I know I can enumerate all 2^n trees and chack the valid ones, but is there some approach that is faster? Can I achieve polynomial time in n? Something close to O(n^3) or even O(n^4) would be nice.

EDIT: for k=1 this value turns out to be 2*n

You are wrong here, please ask this question on http://math.stackexchange.com/ — Maurice, Jun 01 '13 at 11:39
@Bergi 1---2---3 is a tree mate. there are 3 nodes and 2 edges. There can be more complex trees, i took this one as an easy example. — Salena, Jun 01 '13 at 11:41
Why isn't the `{2}` being considered? Must the complement be a tree as well? — ypercubeᵀᴹ, Jun 01 '13 at 11:49
@ypercube because it has 2 outgoing edges to its complement tree, and we only consider subtrees with only upto k (i.e. 1 here) outgoing edges to the complement tree. No it is not necessary that the complement be a tree. — Salena, Jun 01 '13 at 11:50
You have something wrong there.
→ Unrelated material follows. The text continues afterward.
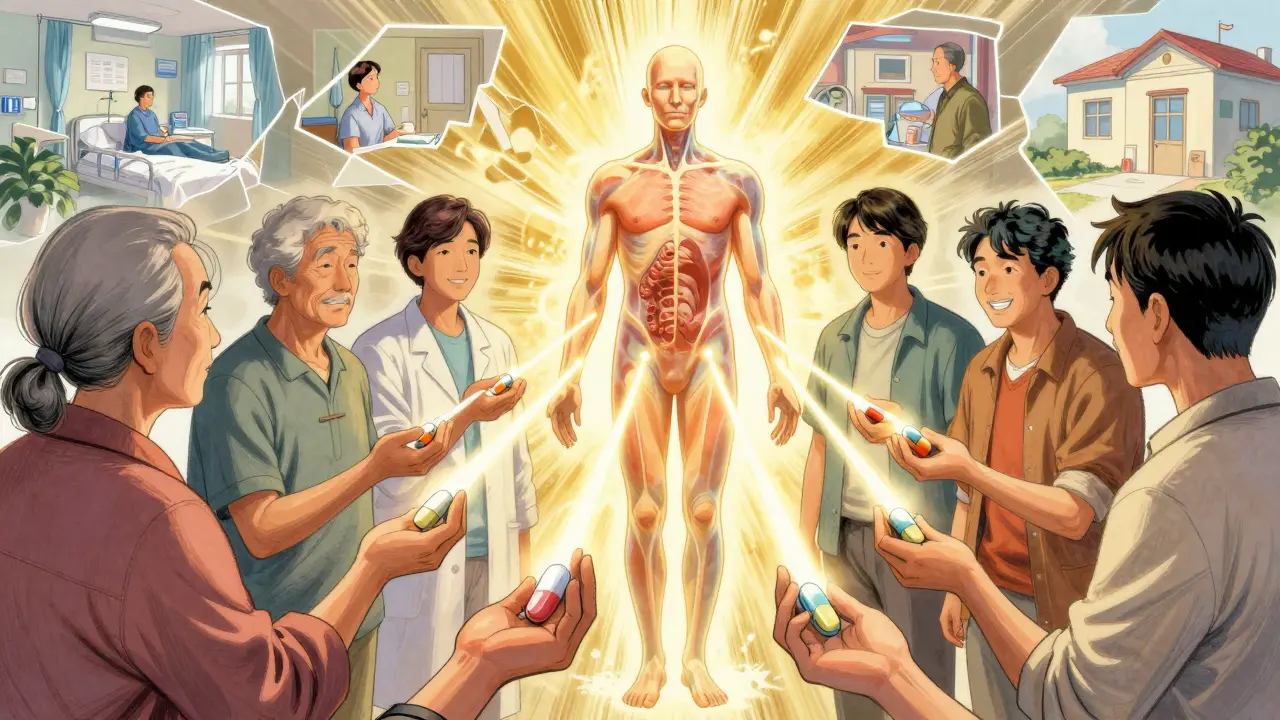 Des patients tiennent des pilules qui relient leur santé à un corps sain et lumineux.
The complement of `{2}` is `{1},{3}` which is not a tree. If the complement is not necessary to be a tree, correct the question with the proper term. — ypercubeᵀᴹ, Jun 01 '13 at 11:51
@ypercube yes i removed the term tree used for the complement. Thanks for pointing that out. — Salena, Jun 01 '13 at 11:54
For `k=1`, the number of subtrees is (obviously) `2*E+2` where `E` is the number of edges of the original tree. — ypercubeᵀᴹ, Jun 01 '13 at 11:57
@MauriceA. I'm not outright disagreeing, but does math.stackexchange.com concern themselves with computational complexity? Seems like it is also well suited to SO, to me. — Wayne Uroda, Jun 01 '13 at 11:57
@ypercube how can you say that? Since it is a tree we will have E+1 nodes. so you imply that we will have 2*N such subtrees without the need to go through the edges list. — Salena, Jun 01 '13 at 12:01
@ypercube We're talking about unrooted trees here, and "subtree" means a connected subgraph. — David Eisenstat, Jun 01 '13 at 12:03
@ypercube yes you are correct for the k==1 part. How did you infer this? something that can be used for furthur values of k? — Salena, Jun 01 '13 at 12:18
If you remove an edge, you get 2 distinct subtrees. Any subtree that has 1 "outgoing" edge to the complement will be one of them. The `+2` is from the empty set and the whole tree. — ypercubeᵀᴹ, Jun 01 '13 at 12:20
For `k=2`, I think it is `E*(E-1)/2 + 2*E + 2`. But I don't think it can be generalized for bigger k. Not easily at least. — ypercubeᵀᴹ, Jun 01 '13 at 12:23
@Abhishek: I know that lists are trees, only the example was too trivial and I had expected something demonstrating the expected result for a complex example :-) Btw, how do you have your trees/graphs stored (adjacency list/matrix/something else)? Runtime of algorithm depends on that quite heavily… — Bergi, Jun 01 '13 at 12:24

score 3 · Answer 1 · answered Jun 01 '13 at 12:53

3

This is a fairly typical instance of the DP-on-a-tree paradigm. Let's generalize the problem slightly by allowing the specification of a root vertex v and stratifying the counts of the small-boundary trees in two ways: whether v is included, and how many edges comprise the boundary.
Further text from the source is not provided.